The inference problem can be formalized as

$$\begin{aligned} y (t)= & {} \sum _{i=1}^d G(r_i)q_i(t)+\varepsilon (t) \end{aligned}$$
(1a)
$$\begin{aligned} \varepsilon (t)\sim & {} {\mathcal {N}}\left( 0, \theta ^2 \Sigma \right) \end{aligned}$$
(1b)

where: \(t = 1,\dots , T\) is a time index; y(t) is an array containing the data recorded by all M/E-EG sensors at time t; d is the (unknown) number of dipoles; \(G(r_i)\) is the so called lead-field matrix, representing the magnetic/electric field generated by a unitary dipole located at \(r_i\); \(\varepsilon (t)\) is additive Gaussian noise whose (spatial) covariance matrix \(\Sigma \) is known up to a scale factor \(\theta \). We observe that the lead-field matrix entries are non-linear functions of the source locations \(r_i\), therefore linear inversion models are not directly applicable to this inverse problem.

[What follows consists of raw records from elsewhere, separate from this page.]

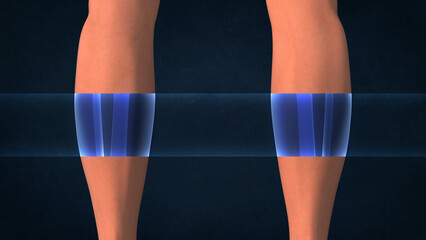 An X-ray of a human calf 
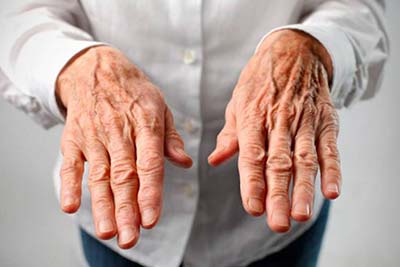 Parkinson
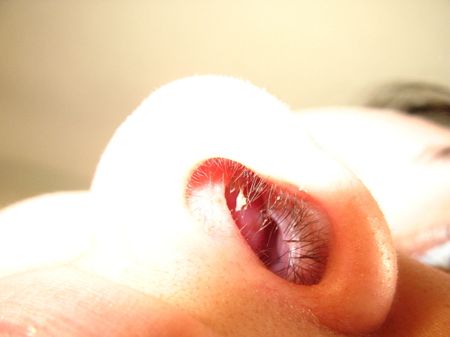 Nose caca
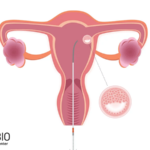 ivf embryo transfer 600X450 150x150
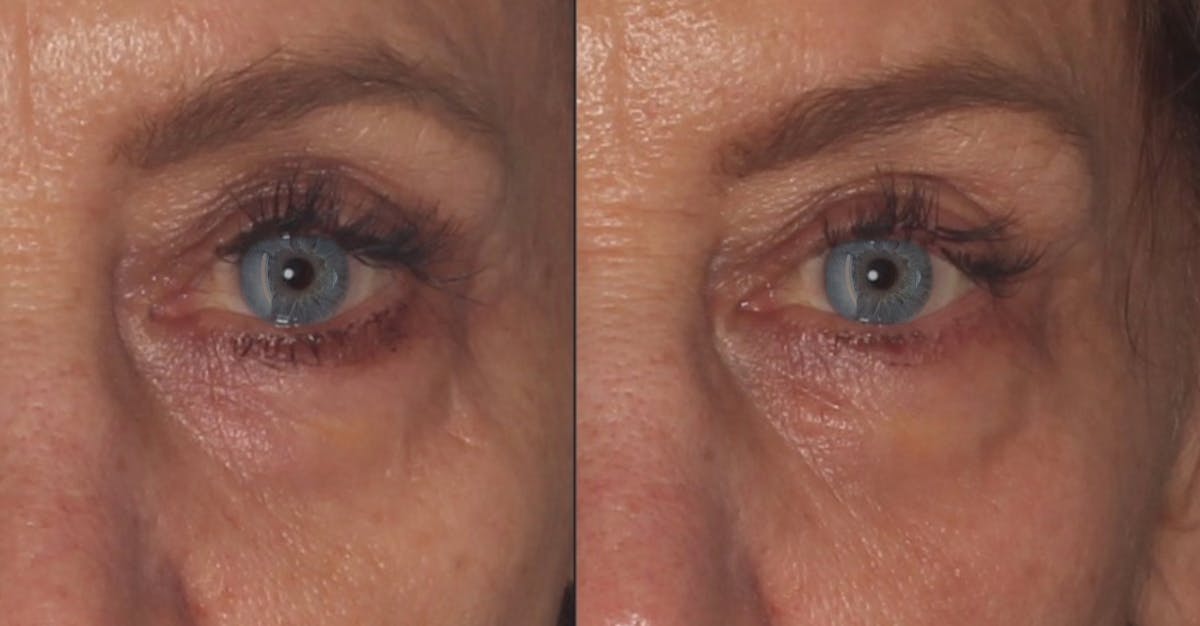 MicroFat Before & After Gallery - Patient 563980 - Image 2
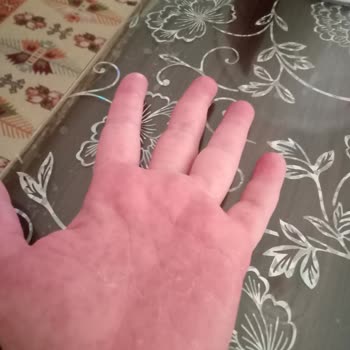 Tereson'dan Şikayetçiyim Bunu Kim Ürettiyse Derhal Kaldırılmalı.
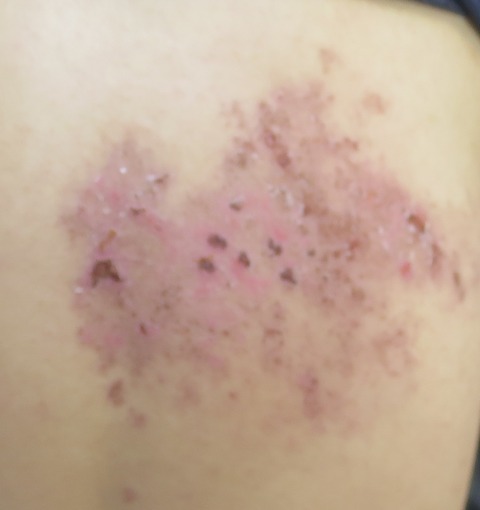 IMG_5348-帯状疱疹背中の痂疲1週間後の水疱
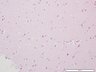 Thumbnail for dataset humanbrain_d5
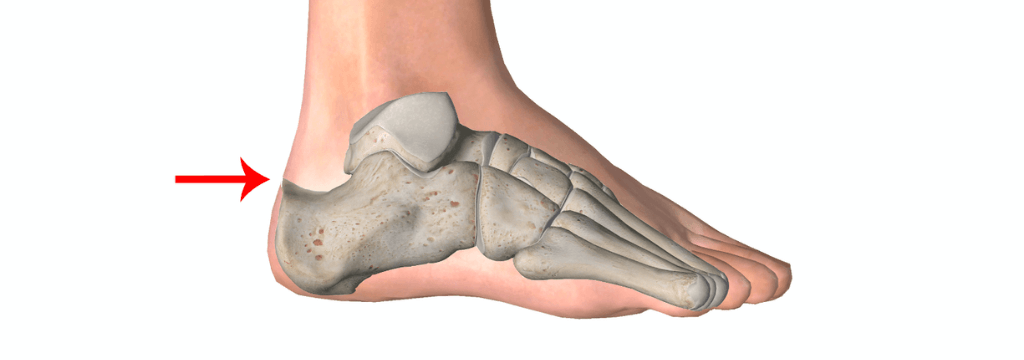 Achillodinia e Sindrome di Haglund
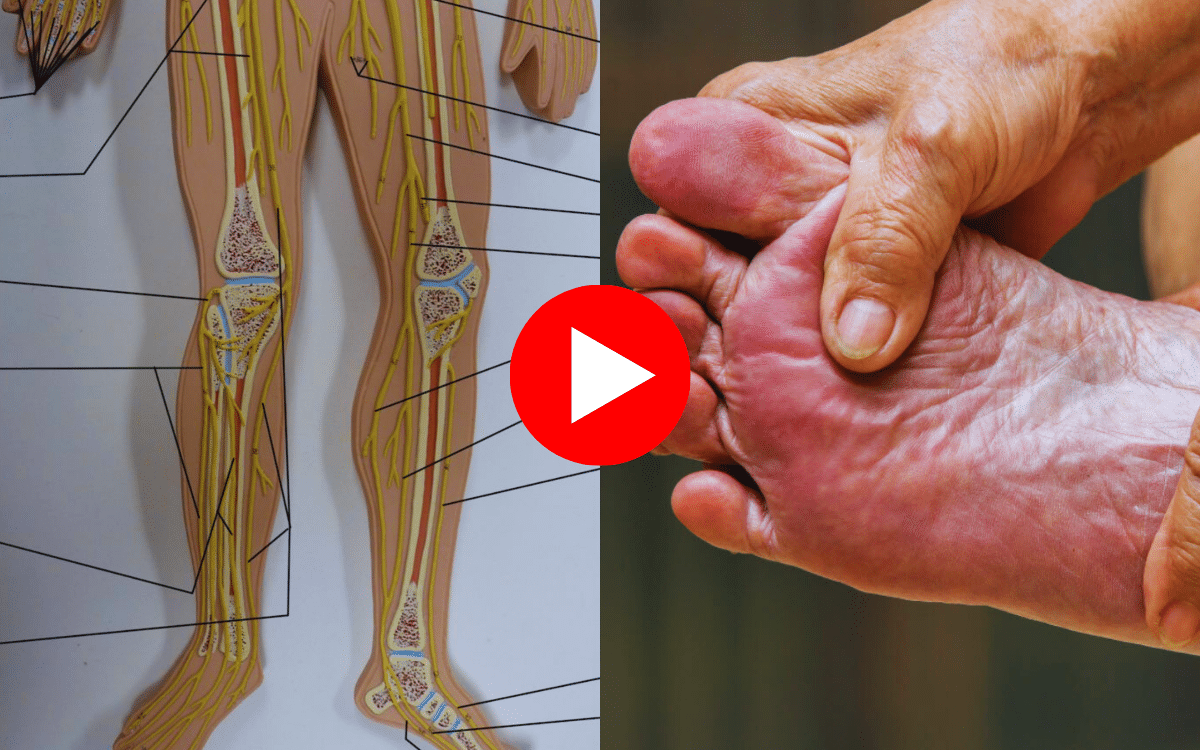Clear This “Nerve Plaque” Clogging Your Nerves to Eliminate Neuropathy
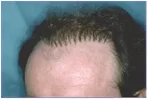 hair-transplant-history.webp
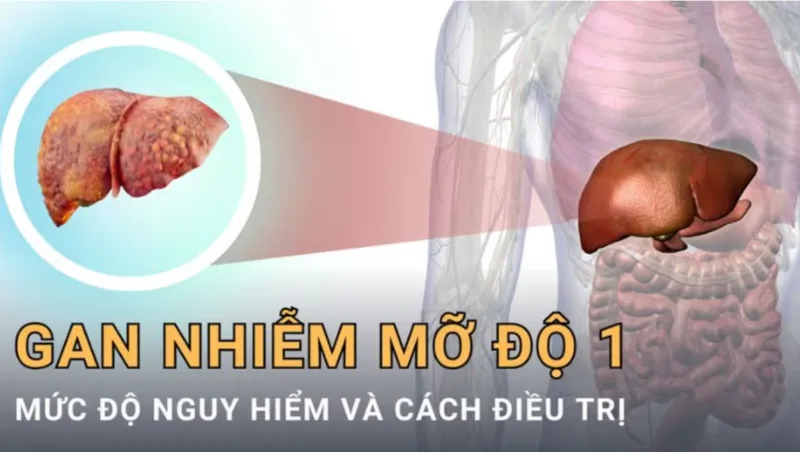 Gan nhiễm mỡ độ 1 thường mô tả tình trạng mỡ tích tụ trong gan ở mức độ nhẹ trên hình ảnh siêu âm.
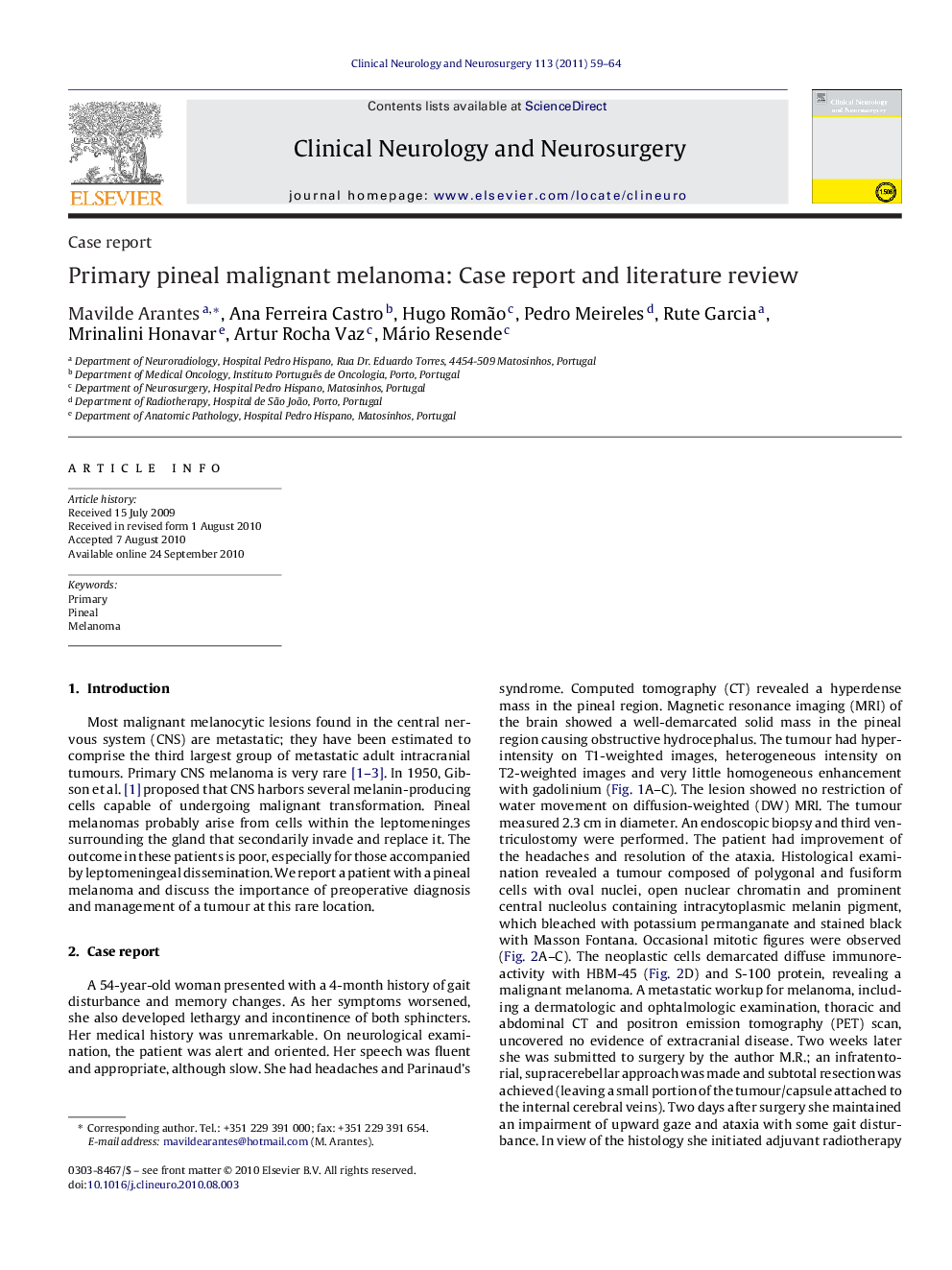 Primary pineal malignant melanoma: Case report and literature review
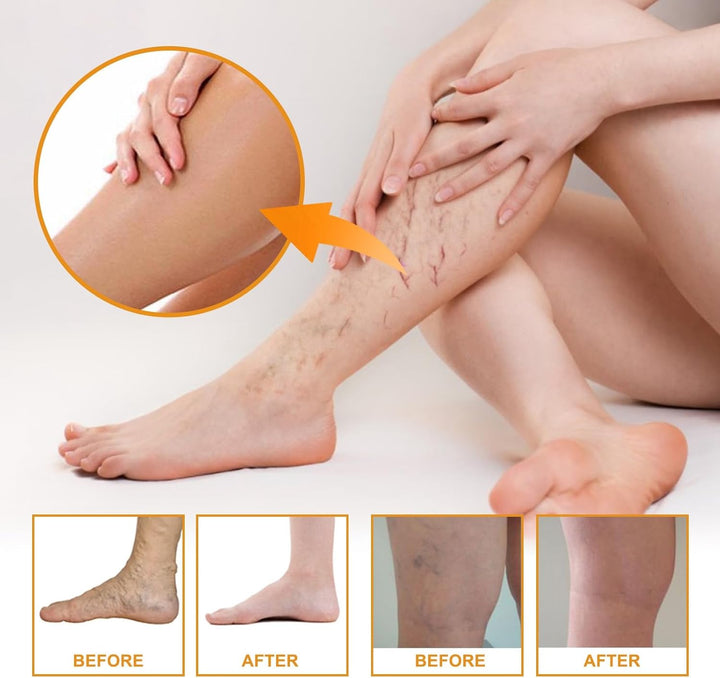 Varic/Ose Ve/Ins Treatment for Legs,Natural Varic/Ose Ve/Ins Cream,Varic/Ose Ve/Ins Treatment Cream,Cream for Varic/Ose Ve/Ins in Legs,Spi/Der V/Eins Repair Cream,Varic/Ose Ve/Ins Relief Cream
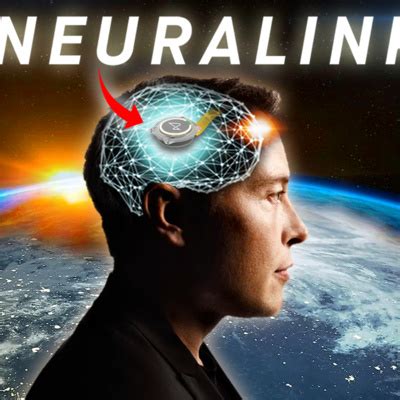 2023: Elon Musk's Neuralink Begins Chip Implants in HUMANS by Neuralink ...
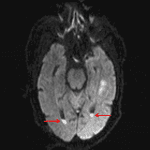 Restricted diffusion in the dependent aspects of the occipital horns of both lateral ventricles (red arrows), concerning for ventriculitis.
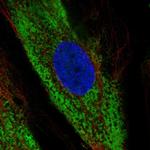 COL1A2 Polyclonal Antibody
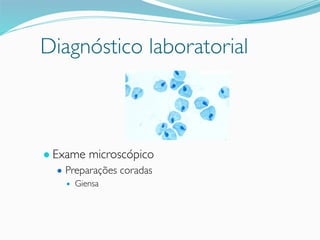 Diagnóstico laboratorial
● Exame microscópico
● Preparações coradas
● Giensa
 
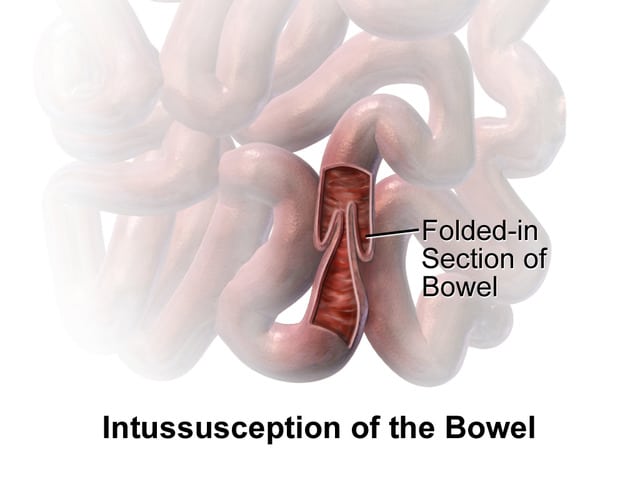 Intussusception diagram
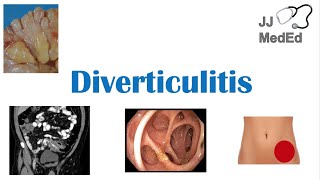 Diverticulitis Risk Factors ex Low Fiber Diets Symptoms Diagnosis Treatment and Complications [upl. by Emera]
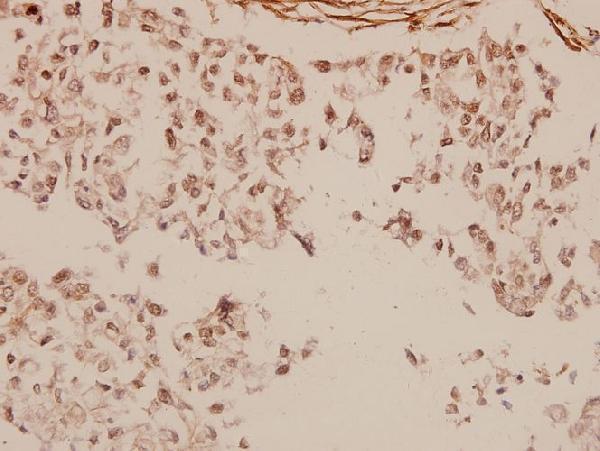 a01214 mta1 primary antiboties ihc testing 2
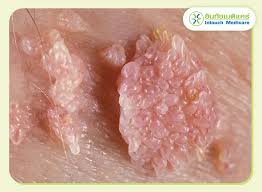 Image result for genital warts
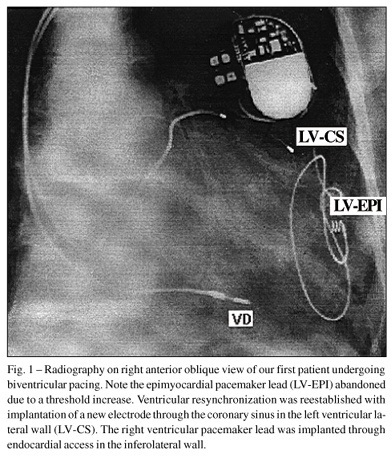 Ventricular resynchronization through biventricular cardiac pacing for the treatment of refractory heart failure in dilated cardiomyopathy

This model was originally adopted in Sorrentino et al. (2013, 2014), where all unknown parameters were sampled with an SMC sampler, leading to high computational cost for long time series; in Sommariva and Sorrentino (2014) a Rao-Blackwellized version was presented that imposed a Gaussian prior on the q variables and exploited the CLG structure, allowing to treat long time series with reduced computational cost. Finally, in Viani et al. (2021) a hierarchical model was presented that overcomes the limitations of the Gaussian prior by using a hyper-prior on the prior variance, thus substantially reducing the dependence on this hyper-parameter. Defining \({\textbf{y}}:=(y(1), \dots , y(T))\) and \({\textbf{q}}_{1:d}:=(q_{1:d}(1), \dots , q_{1:d}(T))\), the posterior distribution decomposes as:

$$\begin{aligned} \begin{aligned}&p^{\theta }(d, r_{1:d}, {\textbf{q}}_{1:d},\lambda \mid {\textbf{y}}) \\ {}&\quad = p^{\theta }({\textbf{q}}_{1:d} \mid {\textbf{y}}, d, r_{1:d}, \lambda )p^{\theta }(d, r_{1:d},\lambda \mid {\textbf{y}}) \end{aligned} \end{aligned}$$
(2)

where the conditional posterior \(p^{\theta }({\textbf{q}}_{1:d} \mid {\textbf{y}}, d, r_{1:d}, \lambda )\) can be computed analytically, and only the second factor on the right hand side of (2) has to be approximated via Monte Carlo. Importantly, there remains a dependence on the hyper-parameter \(\theta \), namely the overall noise level, whose value has to be estimated.

3 SMC samplers for Bayesian inverse problems

In this section we provide a brief summary of a class of SMC samplers that are often used for the approximation of posterior distributions in Bayesian inference problems. Notice that SMC samplers can be applied in more general situations, not analyzed in this paper; for further details on general SMC samplers algorithms the reader is referred to Del Moral et al. (2006, 2007).

Consider a Bayesian inference problem where the aim is to approximate the posterior distribution

$$\begin{aligned} p(x \mid y) = \frac{p(x) p(y \mid x)}{p(y)} \end{aligned}$$
(3)

where y represents the data and x the unknown parameters. The posterior distribution is often a complex distribution in a possibly high-dimensional space and is typically difficult to sample from directly.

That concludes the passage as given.